By: Rabbi Efrem Goldberg
What if you knew when you were going to die? A group of researches in Germany collected blood samples from 44,168 people with ages ranging from 18 to 109 years old. Over the next 17 years, 5,512 people from that group died. After looking at 226 biomarkers in the samples, the researchers determined that 14 of the blood measurements, including inflammation and fluid balance, were the greatest indicators to predict if a person would die within the next 5 to 10 years.
To test their theory, they analyzed blood sample data taken from 7,603 people in 1997. Then, using the 14 identified biomarkers, they attempted to predict the likelihood that each person would have died within the next five to 10 years. They found their predictions were right approximately 83 percent of the time, higher than even they anticipated.
Based on their conclusion, published in a prominent medical journal, with one sample of your blood you can know if you don’t change anything, how much longer you will live. The question is what will you do with that information?
The truth is, we don’t need a blood test to tell us that we won’t live forever. In South Florida we are currently facing a category 5 hurricane with potentially catastrophic conditions. When a new storm develops and begins heading towards making landfall, the experts offer their best projections of where it is going and when it will get there. The “cone of uncertainty” is formed, and with each periodic update the communities and people in its path desperately look to see if they are still projected to sustain a hit. As long as one remains in the cone of uncertainty, there is an unavoidable angst and the tortuous process of waiting and anticipating what is to come.
If this past year in the world in general and our community in particular has taught us anything, it is that we are all in the cone of uncertainty always. Each day that we wake up is uncertain of what it can and will bring. Will we be visited by a devastating diagnosis, a mass shooting, a natural disaster, a terror event, a car accident or some other threat? None of us have certainty; at these times, we all confront our mortality and vulnerability.
But what do we do with that feeling? Will we give up, give in, fatalistically become complacent and content? Or, will it motivate us to stop procrastinating and take advantage of each and every moment? Will we not bother trying because what is it all worth, or will we finally stop saying I will get to it and make it, whatever it is for us, happen right now? We don’t know what tomorrow will bring, we can only make the most of today.

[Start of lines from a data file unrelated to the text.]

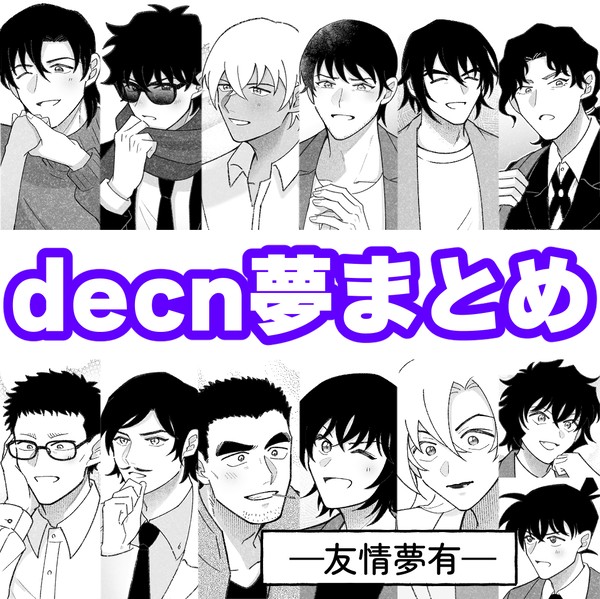 Twitter decn夢まとめ - 1/131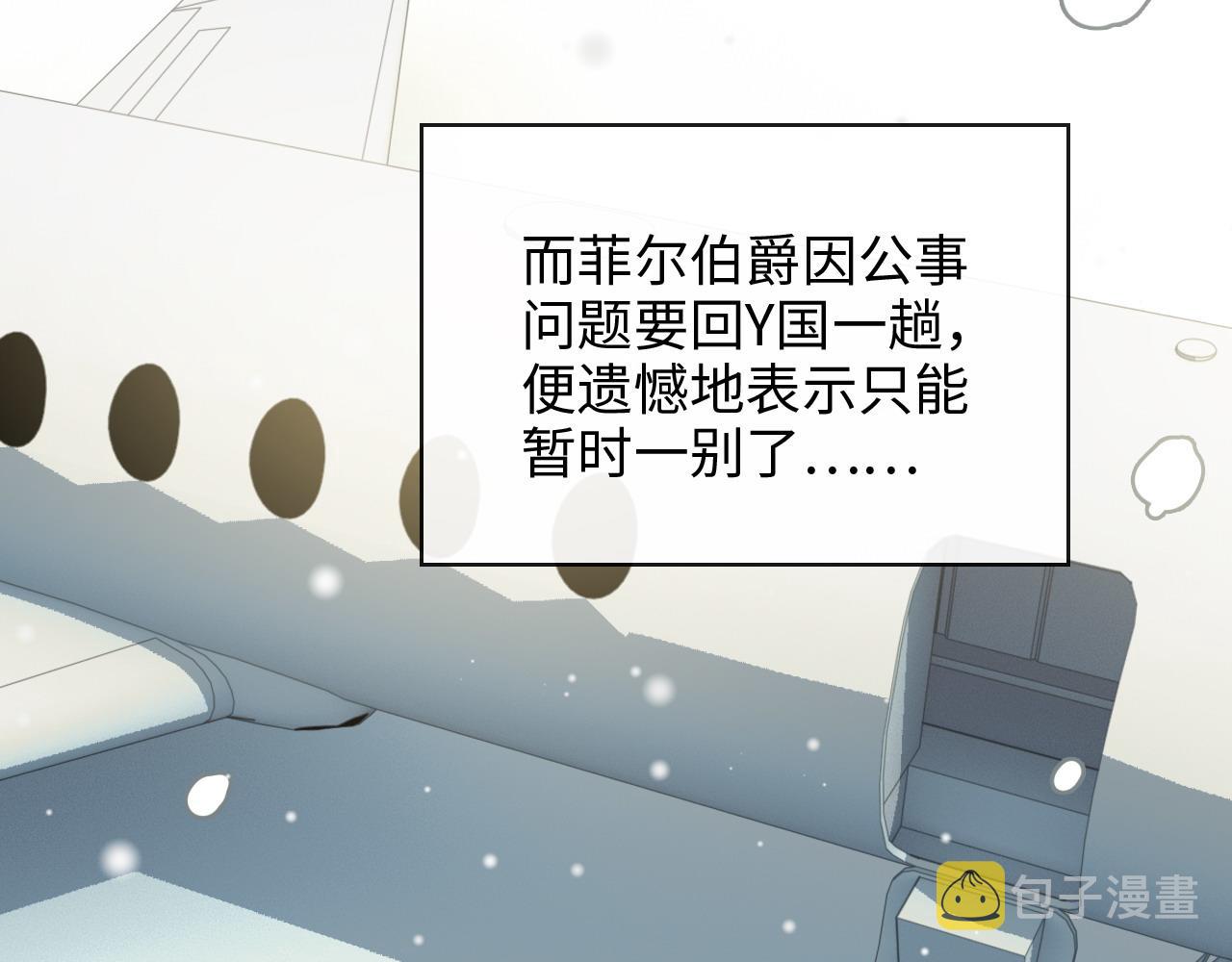 第409话 回国34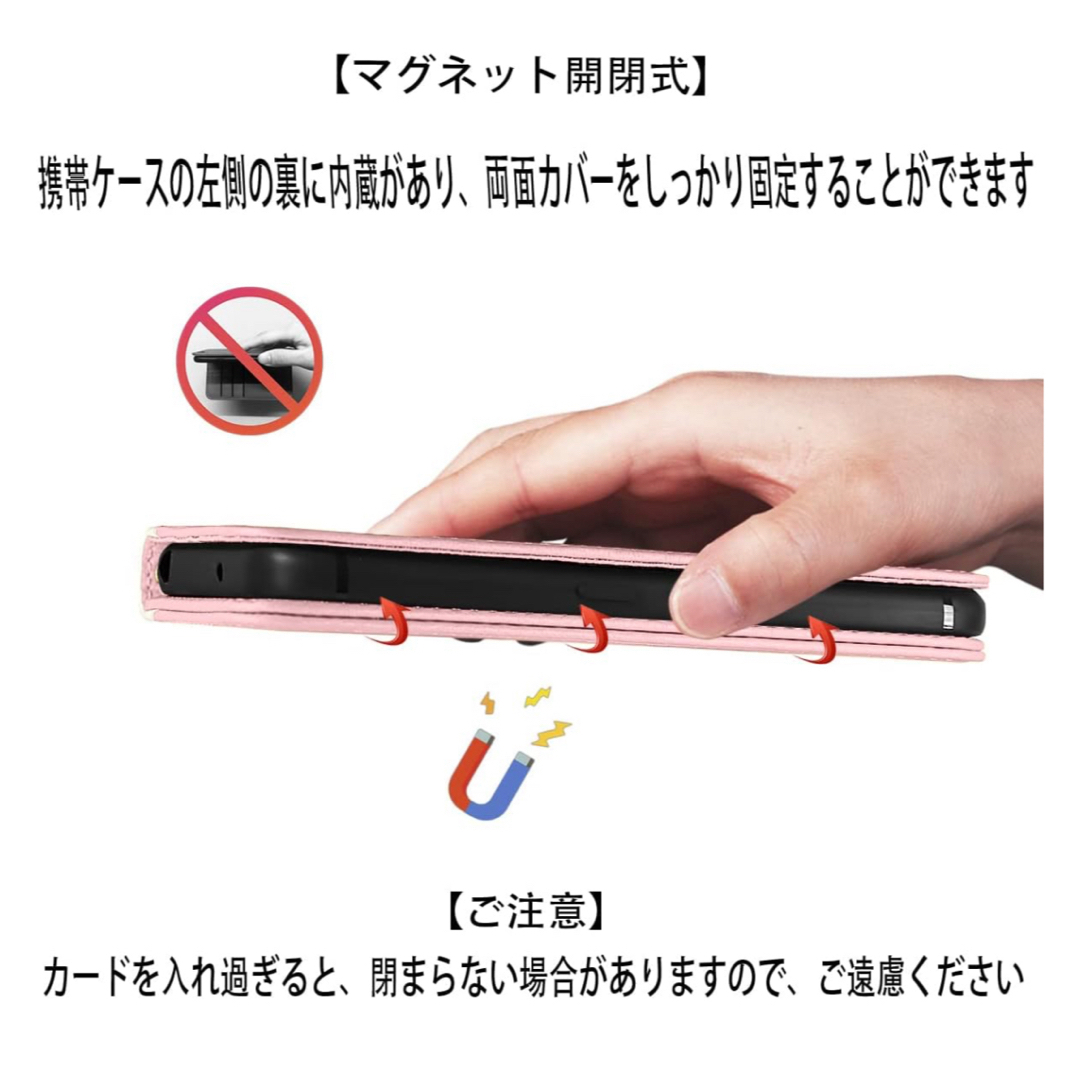 iPhone14Pro ケース カバー　手帳型 高質PUレザー　ピンクホワイト スマホ/家電/カメラのスマホアクセサリー(iPhoneケース)の商品写真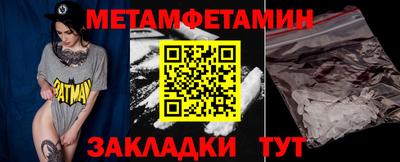 гашишное масло Обнинск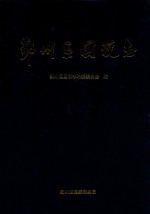 鄞州区国税志 封面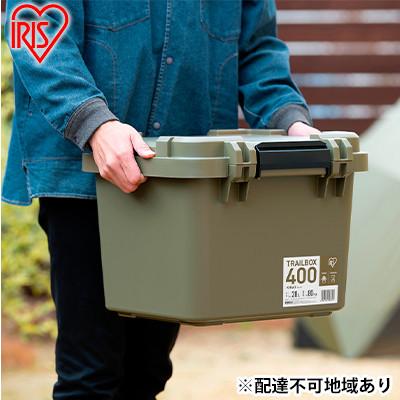 ふるさと納税 大河原町 収納ボックス 28L TRAILBOX 400 TRB-400 カーキ アイリス[53751721]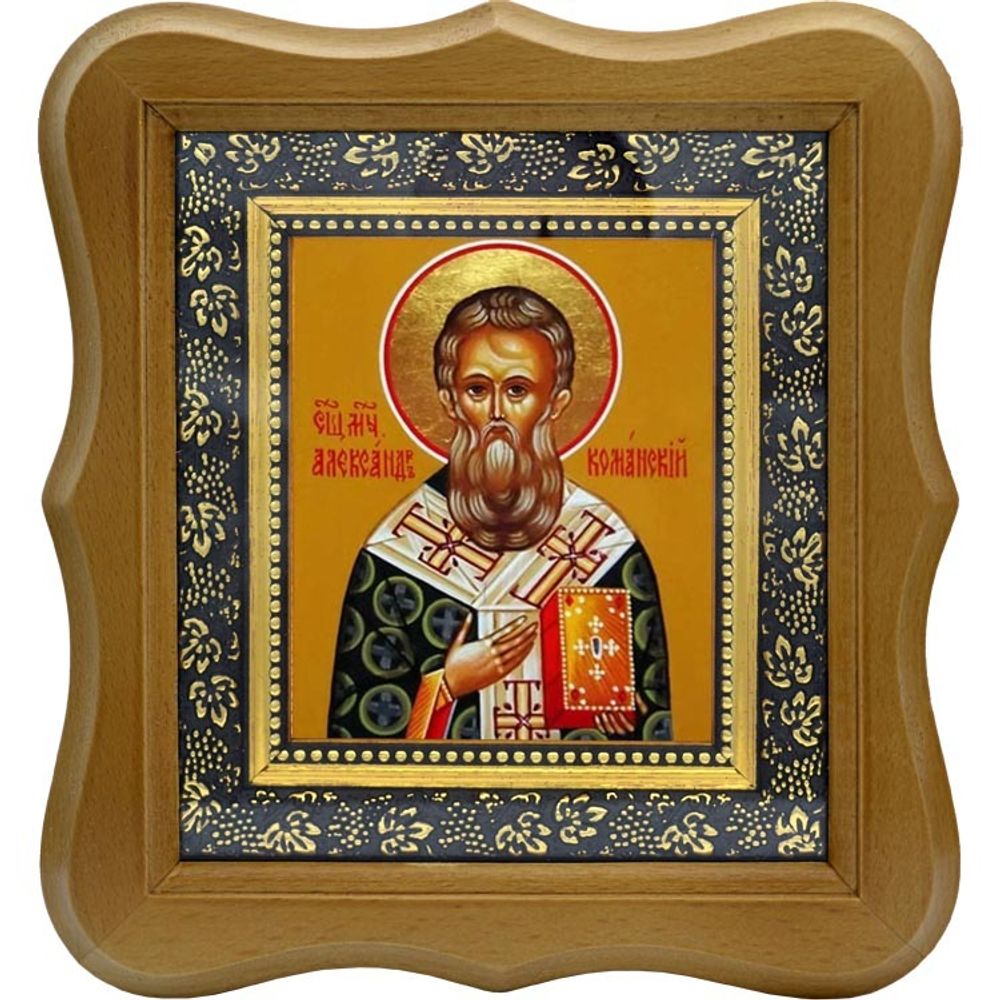 Александр Команский Священномученик епископ. Икона на холсте.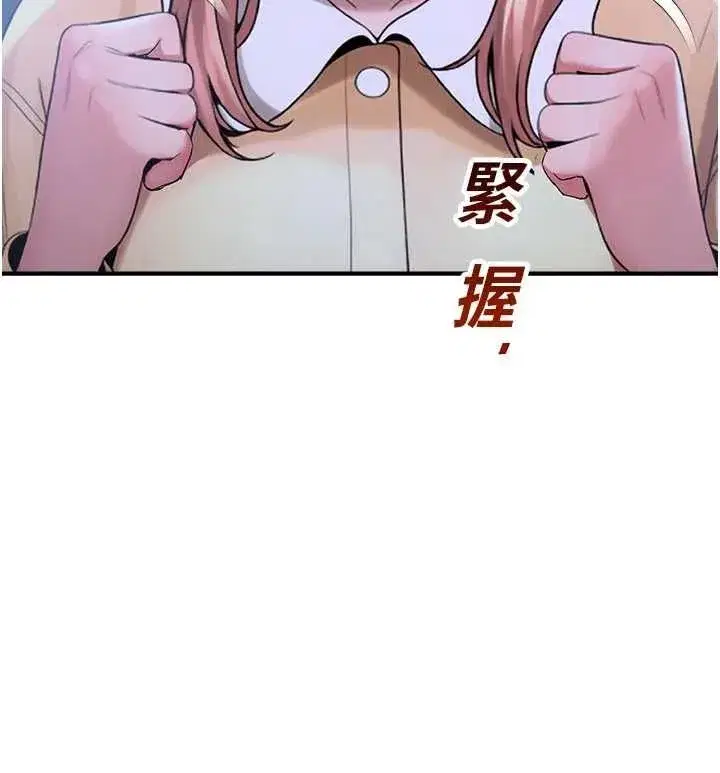 第81話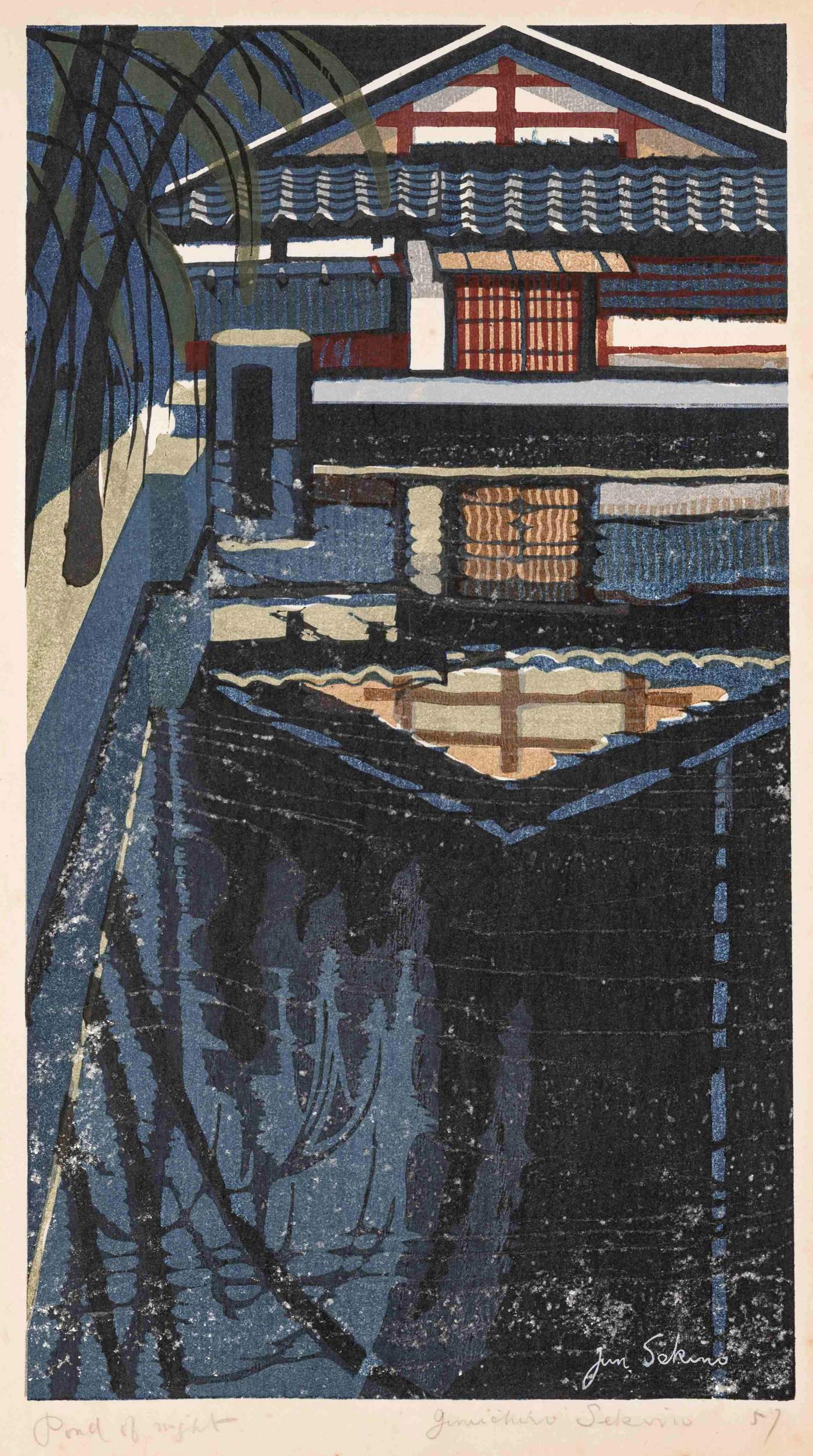 Pond at Night - Sekino Jun'ichiro  Catalogue woodblock print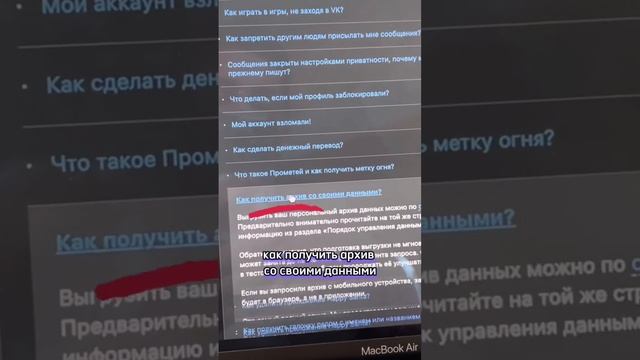 Как восстановить удаленную переписку #вк #безопасность #переписки смотреть онлайн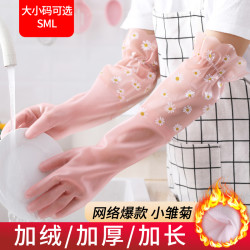 福人吉利 加绒洗碗防水女胶皮刷碗橡胶家务清洁家用冬季厨房耐用型印花加厚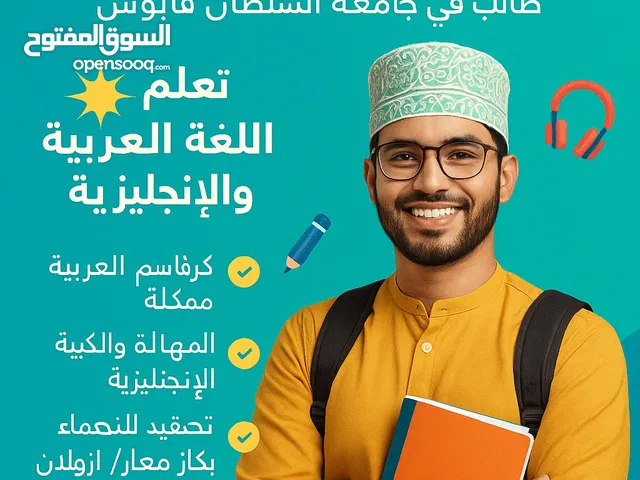 معلم إنجليزي يشمل مهاره التحدث والقراءة والكتابة والاستماع والقواعد والمفردات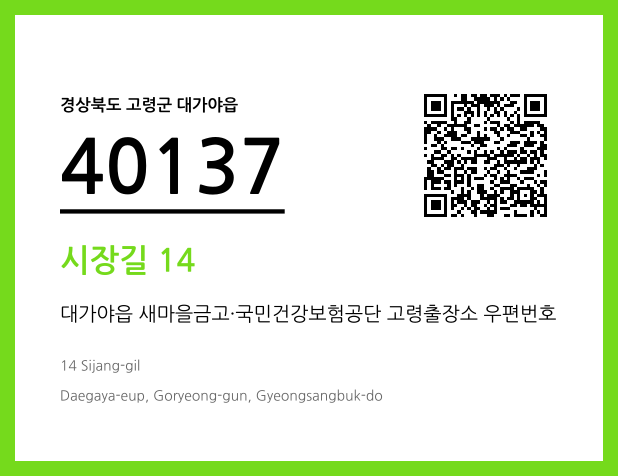 CC BY 4.0 우편주소 및 도로명주소 QR코드 이미지 CC BY 4.0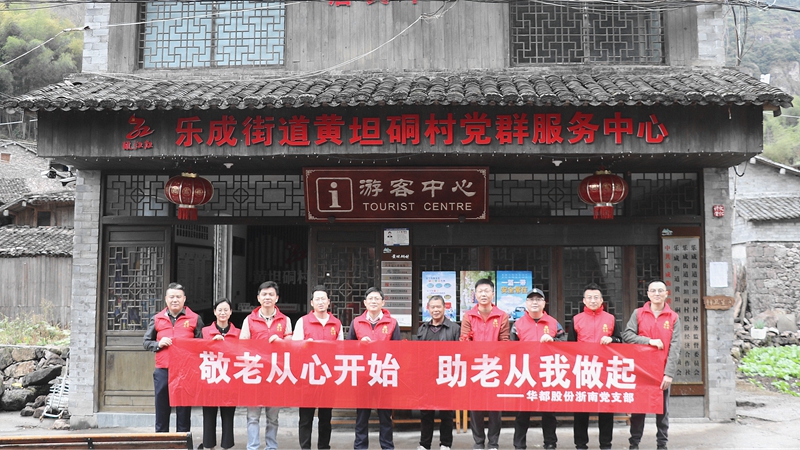 華都股份浙南黨支部開展敬老慰問、團建活動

Our rabbis describe two opposite reactions to a feeling of mortality and fragility. They discourage us from approaching life with the attitude of echol, v’shaso, ki machar namus, eat, drink and be merry for tomorrow we may die. Recognition of our own mortality has for some become a license for hedonism, to live selfishly and spend life pursuing immediate gratification and instant pleasure
Instead, our rabbis encourage us to say im lo achshav aimasai, if not now, when. Judaism teaches us to take our feelings of fragility and vulnerability and use them as springboards to grow, change and make a difference. A sense of mortality should encourage us to take advantage of every moment, to cherish every opportunity. Indeed, the Torah believes carpe diem, seize the day, but not for pleasure and selfish interests. Rather, seize the day to contribute to society, positively affect another person, become a better spouse, parent or grandparent, make the most of every moment. It is never too late to become the person you were meant to be.
I am always amazed by our hurricane heroes, the people who step up, show up and so generously help others by lending their generator, putting up shutters, dropping off a flashlight or just sharing where there is no line for gas. Some face a category 5 hurricane turn inward only to take care of themselves and their home. Others confront a collective potential catastrophe and turn outwards asking what can I do for others? Some secure their home, their possessions and their safety and others think about a neighbor, a single, ill, or older person who may need some help. The feeling of mortality and fear of the unknown can inspire a more selfish today or a more selfless today, the choice is up to us.
We have begun the month of Elul and with it the countdown to the High Holy Days. It is not a coincidence that we end Mussaf both days of Rosh Hashanah and on Yom Kippur with a moving piyyut that begins each stanza by signing the word hayom, today.
None of us know what tomorrow will bring…literally. Will we be hit by a catastrophic storm or will it shift away from us? Will we suffer damage or emerge unscathed? Will we be in danger or escape safely? Uncertainty is a large cone and we are in it. Nobody, including the weather people, know what tomorrow brings. So for now, let’s make sure to live our best lives in the only dimension we can – hayom, today.
Rabbi Efrem Goldberg is the rabbi of the Boca Raton Synagogue.